Numerous guides to law school exist and
you should talk to as many law students and practicing attorneys as you can
before you commit to this path. I was once interning at a public defender's
office and an attorney I had never met pulled me aside and said: "Do not, do
not, do not ever go to law school." I did not heed her unsolicited advice,
but I appreciated her candor and felt a little less naive going in. My
thoughts here are opinionated--philosophers and lawyers make a living giving
opinions--and you may disagree or receive conflicting advice from other
sources. But hopefully my comments will add some perspective to your
considerations.
2. Getting Accepted to a Reasonably Good Law School
A.
Your Major and Course of Study
No
formal "pre-law" curriculum exists at the vast majority of schools. You can
major in music, chemistry, philosophy, or any other undergraduate program if
you plan on law school. Having said that, what should you look for in your
undergraduate curriculum? First and most importantly, you should find a
major for which you have passion. Do not choose a major because your high
school guidance counselor told you that it is "better for law school." Get
to college and take classes that interest you. Explore different
disciplines. Once you have taken a few classes that you love in a discipline
or two, then you know your major or majors. By "love" I mean a class you do
not want to end because you feel so excited and engaged by the material--a
course that inspires you to work as hard as you can and learn as much as you
can. Settle for nothing less. You spend four of the most vibrant years of
your life in college. Don't waste your time with classes or majors that
don't light a fire under you. Once you find this passion you will likely
excel in these courses, which in turn will raise your grade point average.

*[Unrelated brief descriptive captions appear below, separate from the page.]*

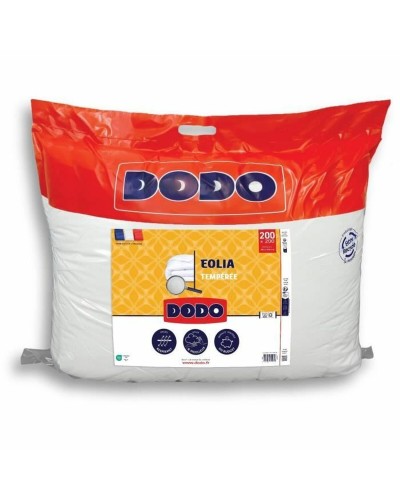 Täcke DODO EOLIA Vit 300 g/m² 200 x 200 cm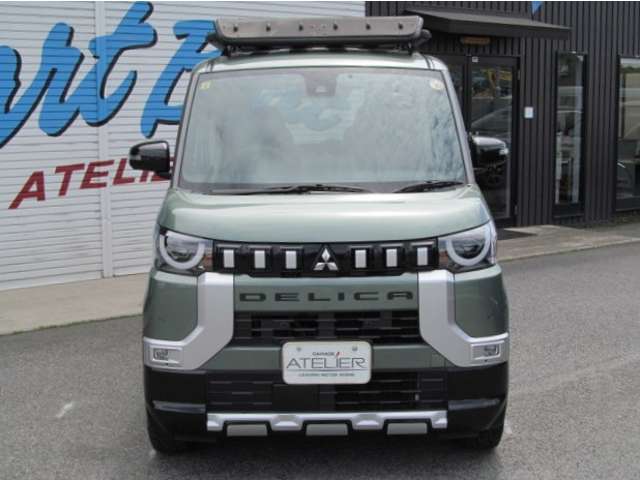 三菱 デリカ　ミニ ６６０ Ｔ プレミアム ４ＷＤ R5年 (中国) 99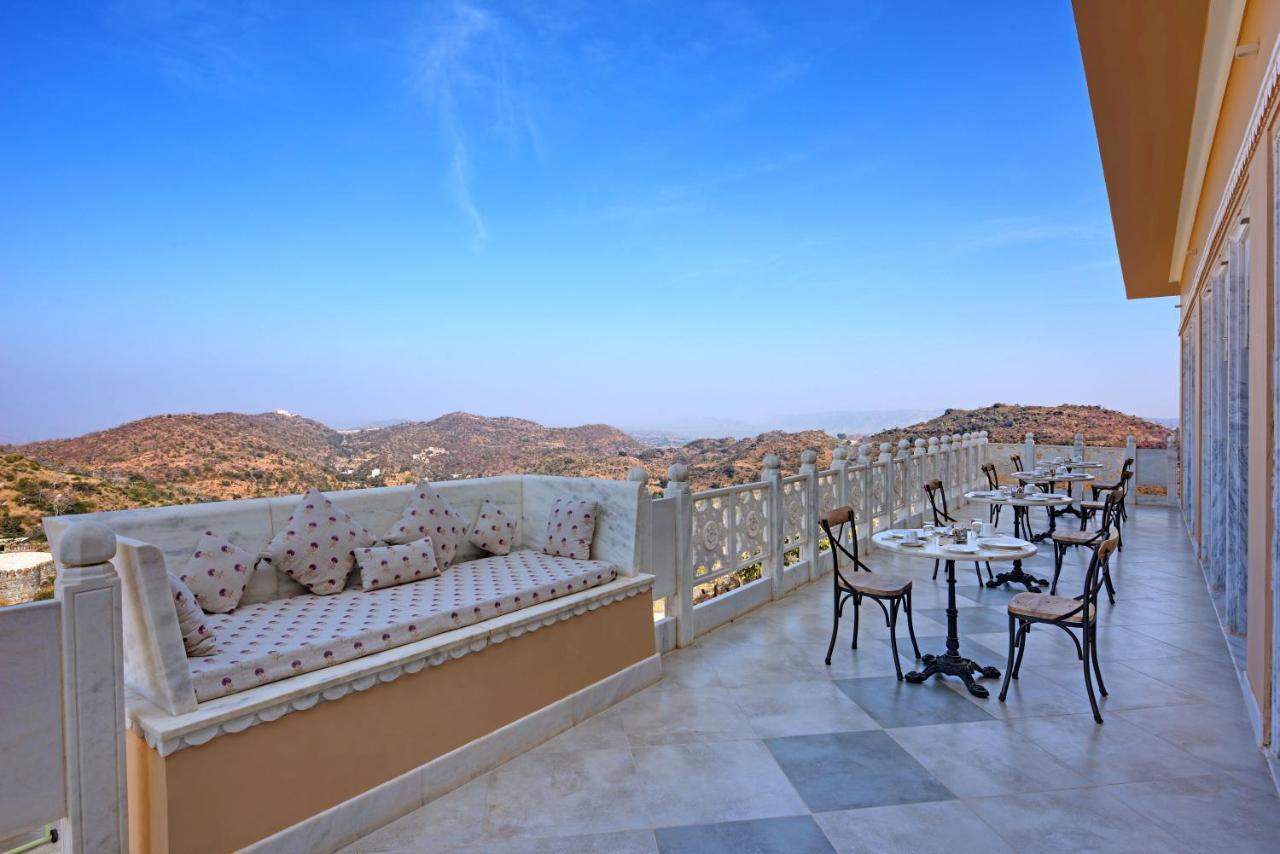 Fateh Safari Suites By Fateh Collection Kumbhalgarh Luaran gambar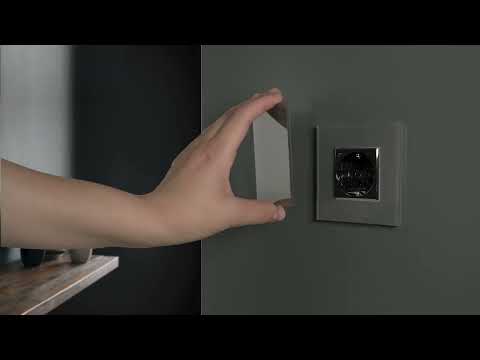 Schöne Steckdosen. Design Award Gewinner. Individuell in Wunschfarben. Made in Germany.  ROHDE+ROHDE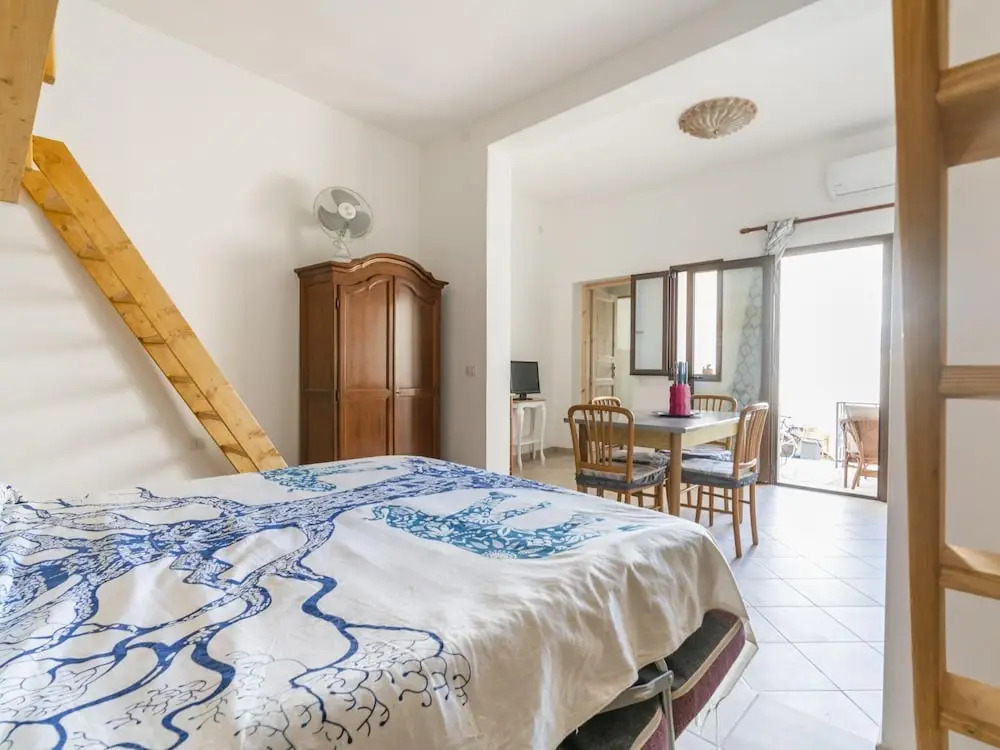 Simplistic Apartment in Muravera With Terrace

There is no irony here: you will likely do best in the things you love most.
This holds true in choosing your major and in life generally.
Second, you want to take classes that teach you how to read, write, and
argue rigorously. All majors do not accomplish this equally. Philosophy, for
instance, requires you to read some of the most difficult texts ever
written, discuss them in class, and construct precise analytic essays
arguing your position. If you have years of practice analyzing Kant, the
Uniform Commercial Code will seem comparatively easy. Law school and legal
practice require you to read, write, and discuss complex issues. Analytic
essays count for one hundred percent of your first year grades in many law
schools, and students who have experience constructing sophisticated
arguments have a considerable competitive advantage. Note that I do not
equate good writing with merely good grammar, flow, or creativity. Law
school requires extensively researched, meticulously organized, and
logically constructed arguments. As a general rule, you will receive the
best preparation for law school from classes that require a lot of writing,
professors who give feedback on the structure and substance of your writing,
and smaller courses that require intense discussion and debating. Large
classes with little writing will not typically prepare you well for law
school, even if they are devoted to legal topics. You can memorize every
word of your constitutional law textbook, but if you cannot construct a
compelling argument about the material you will have serious difficulties
succeeding in law school. In addition to choosing the right major and
classes, conducting advanced undergraduate research offers one of the best
means of preparing for law school. At UNH, the
S.U.R.F.,
U.R.O.P,
I.R.O.P,
R.E.A.P, and
senior thesis programs provide an
exceptional way to develop research and writing skills. If you are serious
about law school, do as many of these as you can.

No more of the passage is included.